(Short text fragments from websites)
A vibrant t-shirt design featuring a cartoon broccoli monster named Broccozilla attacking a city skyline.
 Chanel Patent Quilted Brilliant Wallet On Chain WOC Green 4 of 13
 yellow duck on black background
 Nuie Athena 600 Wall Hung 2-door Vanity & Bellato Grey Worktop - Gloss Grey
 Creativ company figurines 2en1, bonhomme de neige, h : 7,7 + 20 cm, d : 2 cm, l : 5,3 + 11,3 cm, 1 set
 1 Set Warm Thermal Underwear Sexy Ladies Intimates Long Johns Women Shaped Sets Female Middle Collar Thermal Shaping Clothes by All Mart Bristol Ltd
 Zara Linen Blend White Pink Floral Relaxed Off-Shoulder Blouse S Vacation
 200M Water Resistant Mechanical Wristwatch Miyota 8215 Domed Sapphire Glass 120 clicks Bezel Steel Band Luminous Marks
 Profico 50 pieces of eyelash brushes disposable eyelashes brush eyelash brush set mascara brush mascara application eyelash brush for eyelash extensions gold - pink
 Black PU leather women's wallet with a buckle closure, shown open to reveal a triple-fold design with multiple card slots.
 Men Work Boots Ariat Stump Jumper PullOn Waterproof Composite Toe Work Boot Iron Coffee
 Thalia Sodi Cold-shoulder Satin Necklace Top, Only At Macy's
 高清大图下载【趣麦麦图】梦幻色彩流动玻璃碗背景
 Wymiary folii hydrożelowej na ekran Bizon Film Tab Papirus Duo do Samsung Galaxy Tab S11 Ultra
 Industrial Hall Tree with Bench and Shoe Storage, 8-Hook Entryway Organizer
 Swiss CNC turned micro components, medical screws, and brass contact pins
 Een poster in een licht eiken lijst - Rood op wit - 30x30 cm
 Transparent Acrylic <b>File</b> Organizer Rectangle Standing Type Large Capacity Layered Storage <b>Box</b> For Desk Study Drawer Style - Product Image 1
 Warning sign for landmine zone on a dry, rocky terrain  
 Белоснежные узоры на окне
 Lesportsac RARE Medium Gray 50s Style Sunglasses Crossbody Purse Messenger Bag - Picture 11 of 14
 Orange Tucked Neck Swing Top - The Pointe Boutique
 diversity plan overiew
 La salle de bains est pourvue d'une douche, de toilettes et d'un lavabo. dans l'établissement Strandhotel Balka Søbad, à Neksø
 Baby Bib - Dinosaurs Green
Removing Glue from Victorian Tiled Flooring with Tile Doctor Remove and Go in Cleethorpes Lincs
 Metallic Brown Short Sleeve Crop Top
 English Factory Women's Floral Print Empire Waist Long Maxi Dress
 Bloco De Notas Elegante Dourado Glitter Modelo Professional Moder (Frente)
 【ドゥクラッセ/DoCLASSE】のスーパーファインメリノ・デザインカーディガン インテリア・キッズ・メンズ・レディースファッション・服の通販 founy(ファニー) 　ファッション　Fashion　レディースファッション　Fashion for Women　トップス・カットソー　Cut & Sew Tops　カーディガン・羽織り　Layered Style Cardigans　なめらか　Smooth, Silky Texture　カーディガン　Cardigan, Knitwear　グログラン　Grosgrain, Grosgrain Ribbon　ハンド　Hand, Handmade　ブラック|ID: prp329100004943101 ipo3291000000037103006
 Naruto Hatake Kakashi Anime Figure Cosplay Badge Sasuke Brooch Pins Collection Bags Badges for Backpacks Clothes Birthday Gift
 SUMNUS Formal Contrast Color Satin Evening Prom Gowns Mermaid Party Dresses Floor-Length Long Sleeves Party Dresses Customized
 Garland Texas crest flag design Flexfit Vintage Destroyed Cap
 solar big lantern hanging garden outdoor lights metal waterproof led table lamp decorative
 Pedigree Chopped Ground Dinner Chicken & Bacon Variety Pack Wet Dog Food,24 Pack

● Work required: Where a line of the data holds the word "Style", copy that line.

● Response:
 Transparent Acrylic <b>File</b> Organizer Rectangle Standing Type Large Capacity Layered Storage <b>Box</b> For Desk Study Drawer Style - Product Image 1
 Lesportsac RARE Medium Gray 50s Style Sunglasses Crossbody Purse Messenger Bag - Picture 11 of 14
 【ドゥクラッセ/DoCLASSE】のスーパーファインメリノ・デザインカーディガン インテリア・キッズ・メンズ・レディースファッション・服の通販 founy(ファニー) 　ファッション　Fashion　レディースファッション　Fashion for Women　トップス・カットソー　Cut & Sew Tops　カーディガン・羽織り　Layered Style Cardigans　なめらか　Smooth, Silky Texture　カーディガン　Cardigan, Knitwear　グログラン　Grosgrain, Grosgrain Ribbon　ハンド　Hand, Handmade　ブラック|ID: prp329100004943101 ipo3291000000037103006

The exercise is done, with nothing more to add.